Peru State science professor awarded National Science Foundation grant
Dr. Michael Barger
(Peru, Neb.) Peru State College (PSC) Professor of Biology Dr. Michael Barger has been awarded a $267,000 grant by the National Science Foundation (NSF) to conduct a biodiversity survey and inventory of parasites in fish in the Big Thicket National Preserve (BTNP) in Texas.
Barger’s grant, which runs through 2016, brings the total amount of National Science Foundation grants awarded to Peru State faculty to well over $1 million in the past 17 years.
Vice President for Academic Affairs Dr. Todd Drew said, “It's gratifying to see our science department's work and national reputation in parasitology rewarded with another NSF grant. These grants are not just an opportunity to advance our understanding of the natural world; they are opportunities for uniquely engaging educational experiences for our science students who often plan to go on to graduate school.”
The NSF grant will fund at least two stipends for undergraduate research each year. Students will participate in collecting field trips, laboratory work to process and identify parasites, describe species new to science, publish results in peer-reviewed journals, and present findings in platform presentations at regional and national scientific conferences.
Barger said there are two primary goals to the grant's research.
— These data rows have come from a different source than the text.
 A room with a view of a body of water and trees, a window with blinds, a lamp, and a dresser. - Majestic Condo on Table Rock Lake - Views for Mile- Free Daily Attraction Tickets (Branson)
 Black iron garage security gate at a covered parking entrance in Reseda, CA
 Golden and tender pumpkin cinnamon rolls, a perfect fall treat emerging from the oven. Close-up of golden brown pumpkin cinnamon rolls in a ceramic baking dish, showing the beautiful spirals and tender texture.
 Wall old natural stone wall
First, the work is part of an All Taxa Biodiversity Inventory in the BTNP, which is an effort to document and catalogue all of the species of organisms (microbiological, animal, plant, fungi) that occur in the historical Big Thicket area. The NSF grant will allow Barger to greatly expand and accelerate the pace of the work that he began in 2007, including the discovery of species previously unknown to science.
Second, Barger will test hypotheses related to the utility of the BTNP as a conservation unit. He will use parasites of fish as indicators of overall biodiversity and key ecological interactions in the BTNP to determine if areas protected by the preserve successfully maintain more diverse and healthier communities of animals than do similar areas not protected by the preserve. The tests may be of practical utility in the design of future conservation preserves and in setting priorities for acquisition of land for the BTNP itself. Barger hopes to be able to shed a bit of light not only on what is there, but also on how it can be effectively managed for future generations.
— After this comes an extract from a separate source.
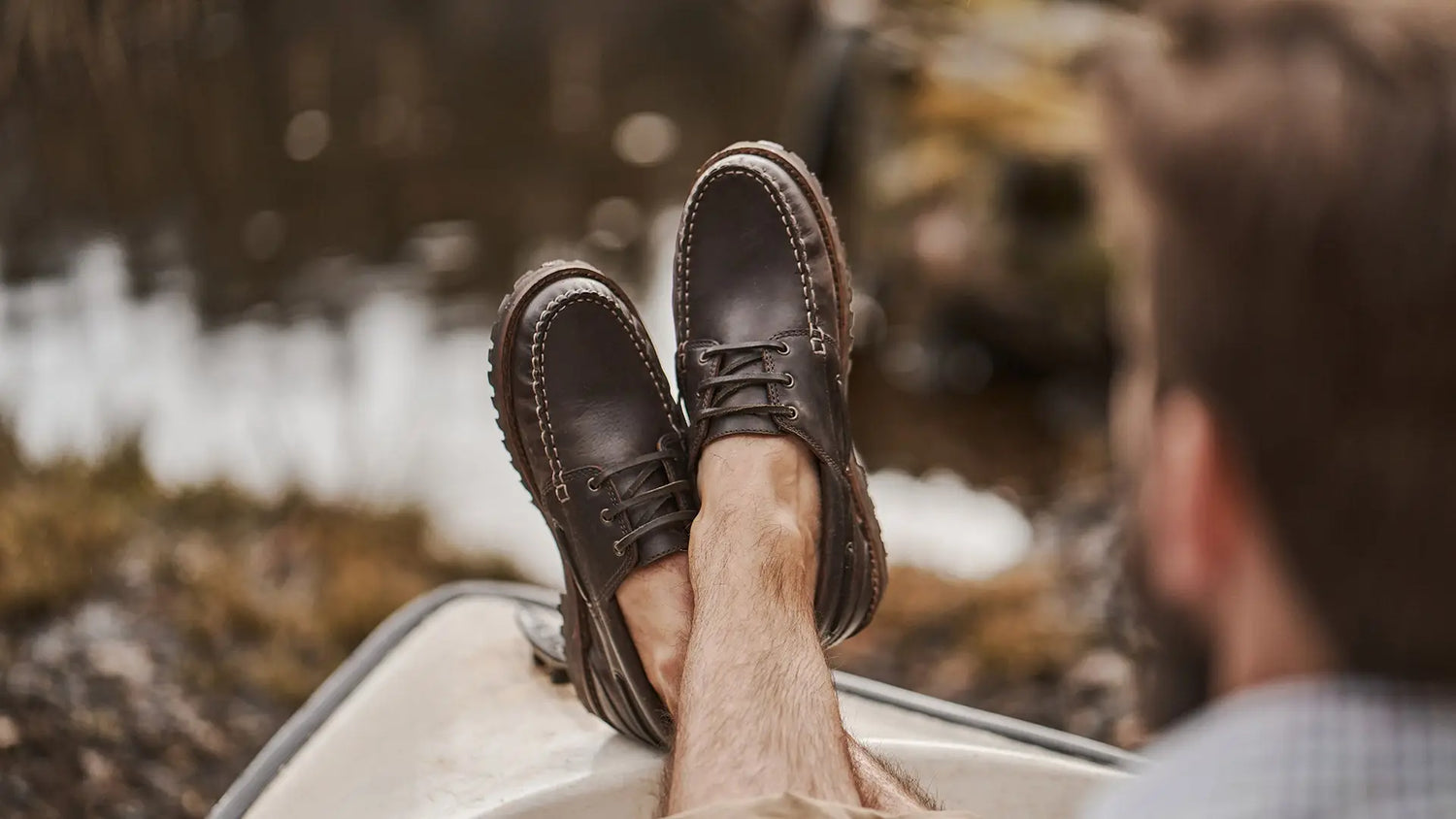 Pair of brown leather loafers with rubber sole resting on feet for stylish country clothing.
Barger said, “NSF grant panels are highly competitive, so getting funded for this work is a great thrill and I look forward to doing the work to make it successful. The Peru State Department of Natural Sciences has an excellent and growing reputation for high-quality education and training in the sciences. Our faculty are dedicated to maintaining the highest standards of rigor in the education of our students, and we work together to provide opportunities for professional growth that allow our students to transform the hard work we demand of them into successful futures in their chosen fields. Funding like this allows us to expand and intensify those efforts and more fully immerse our students in genuine scientific exploration and discovery.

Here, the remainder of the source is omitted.